**ACTIVITY:**
After repeating the line containing "Gubernur Jawa Timur", stop; until then, repeat each line of the listing below exactly, starting with the first.

**PROVIDED MATERIAL:**
=== Begin Enclosure ===

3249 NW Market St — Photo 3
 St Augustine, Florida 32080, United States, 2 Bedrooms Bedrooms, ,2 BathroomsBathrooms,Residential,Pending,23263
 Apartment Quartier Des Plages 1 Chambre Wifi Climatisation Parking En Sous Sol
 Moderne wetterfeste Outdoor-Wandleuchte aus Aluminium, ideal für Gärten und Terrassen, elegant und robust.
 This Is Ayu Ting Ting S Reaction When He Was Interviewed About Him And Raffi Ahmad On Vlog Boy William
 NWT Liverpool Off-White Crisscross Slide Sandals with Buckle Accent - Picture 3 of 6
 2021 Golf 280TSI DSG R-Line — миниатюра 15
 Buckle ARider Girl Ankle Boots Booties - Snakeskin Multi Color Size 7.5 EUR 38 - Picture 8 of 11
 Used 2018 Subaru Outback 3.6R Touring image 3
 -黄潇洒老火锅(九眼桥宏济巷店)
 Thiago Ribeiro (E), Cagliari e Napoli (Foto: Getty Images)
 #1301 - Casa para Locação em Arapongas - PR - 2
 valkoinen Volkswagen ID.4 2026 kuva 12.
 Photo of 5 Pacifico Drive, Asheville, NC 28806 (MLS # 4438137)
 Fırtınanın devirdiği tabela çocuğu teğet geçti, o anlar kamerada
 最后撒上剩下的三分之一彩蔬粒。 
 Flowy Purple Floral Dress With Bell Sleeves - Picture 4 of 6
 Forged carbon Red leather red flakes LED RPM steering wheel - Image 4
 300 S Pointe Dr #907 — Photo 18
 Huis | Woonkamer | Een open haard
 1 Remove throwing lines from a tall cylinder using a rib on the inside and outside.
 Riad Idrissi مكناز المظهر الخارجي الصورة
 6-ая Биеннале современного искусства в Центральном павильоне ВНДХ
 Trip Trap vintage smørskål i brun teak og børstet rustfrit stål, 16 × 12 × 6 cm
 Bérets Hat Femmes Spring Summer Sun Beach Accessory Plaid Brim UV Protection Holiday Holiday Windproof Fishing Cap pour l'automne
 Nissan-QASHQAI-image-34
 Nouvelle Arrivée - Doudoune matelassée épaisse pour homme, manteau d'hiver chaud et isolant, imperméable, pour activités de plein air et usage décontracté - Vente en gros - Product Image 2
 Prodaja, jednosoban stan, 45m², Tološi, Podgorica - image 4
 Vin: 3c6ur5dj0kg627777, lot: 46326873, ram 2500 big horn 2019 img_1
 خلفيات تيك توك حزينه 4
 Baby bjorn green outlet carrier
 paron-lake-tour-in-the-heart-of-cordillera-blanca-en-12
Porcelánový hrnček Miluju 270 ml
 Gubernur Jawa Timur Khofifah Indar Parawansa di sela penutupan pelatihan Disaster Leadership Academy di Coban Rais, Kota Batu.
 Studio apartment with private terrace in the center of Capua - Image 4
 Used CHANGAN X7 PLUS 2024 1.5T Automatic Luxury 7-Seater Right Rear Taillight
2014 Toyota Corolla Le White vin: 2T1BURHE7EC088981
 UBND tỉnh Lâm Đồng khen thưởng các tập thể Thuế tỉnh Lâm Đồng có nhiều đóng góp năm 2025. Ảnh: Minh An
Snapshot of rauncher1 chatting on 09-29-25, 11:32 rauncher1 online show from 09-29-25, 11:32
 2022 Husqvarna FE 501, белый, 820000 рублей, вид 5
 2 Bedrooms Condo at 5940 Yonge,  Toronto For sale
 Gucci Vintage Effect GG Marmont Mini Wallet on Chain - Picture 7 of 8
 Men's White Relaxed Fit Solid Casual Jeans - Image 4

=== End Enclosure ===

**TASK RESULT:**
3249 NW Market St — Photo 3
 St Augustine, Florida 32080, United States, 2 Bedrooms Bedrooms, ,2 BathroomsBathrooms,Residential,Pending,23263
 Apartment Quartier Des Plages 1 Chambre Wifi Climatisation Parking En Sous Sol
 Moderne wetterfeste Outdoor-Wandleuchte aus Aluminium, ideal für Gärten und Terrassen, elegant und robust.
 This Is Ayu Ting Ting S Reaction When He Was Interviewed About Him And Raffi Ahmad On Vlog Boy William
 NWT Liverpool Off-White Crisscross Slide Sandals with Buckle Accent - Picture 3 of 6
 2021 Golf 280TSI DSG R-Line — миниатюра 15
 Buckle ARider Girl Ankle Boots Booties - Snakeskin Multi Color Size 7.5 EUR 38 - Picture 8 of 11
 Used 2018 Subaru Outback 3.6R Touring image 3
 -黄潇洒老火锅(九眼桥宏济巷店)
 Thiago Ribeiro (E), Cagliari e Napoli (Foto: Getty Images)
 #1301 - Casa para Locação em Arapongas - PR - 2
 valkoinen Volkswagen ID.4 2026 kuva 12.
 Photo of 5 Pacifico Drive, Asheville, NC 28806 (MLS # 4438137)
 Fırtınanın devirdiği tabela çocuğu teğet geçti, o anlar kamerada
 最后撒上剩下的三分之一彩蔬粒。 
 Flowy Purple Floral Dress With Bell Sleeves - Picture 4 of 6
 Forged carbon Red leather red flakes LED RPM steering wheel - Image 4
 300 S Pointe Dr #907 — Photo 18
 Huis | Woonkamer | Een open haard
 1 Remove throwing lines from a tall cylinder using a rib on the inside and outside.
 Riad Idrissi مكناز المظهر الخارجي الصورة
 6-ая Биеннале современного искусства в Центральном павильоне ВНДХ
 Trip Trap vintage smørskål i brun teak og børstet rustfrit stål, 16 × 12 × 6 cm
 Bérets Hat Femmes Spring Summer Sun Beach Accessory Plaid Brim UV Protection Holiday Holiday Windproof Fishing Cap pour l'automne
 Nissan-QASHQAI-image-34
 Nouvelle Arrivée - Doudoune matelassée épaisse pour homme, manteau d'hiver chaud et isolant, imperméable, pour activités de plein air et usage décontracté - Vente en gros - Product Image 2
 Prodaja, jednosoban stan, 45m², Tološi, Podgorica - image 4
 Vin: 3c6ur5dj0kg627777, lot: 46326873, ram 2500 big horn 2019 img_1
 خلفيات تيك توك حزينه 4
 Baby bjorn green outlet carrier
 paron-lake-tour-in-the-heart-of-cordillera-blanca-en-12
Porcelánový hrnček Miluju 270 ml
 Gubernur Jawa Timur Khofifah Indar Parawansa di sela penutupan pelatihan Disaster Leadership Academy di Coban Rais, Kota Batu.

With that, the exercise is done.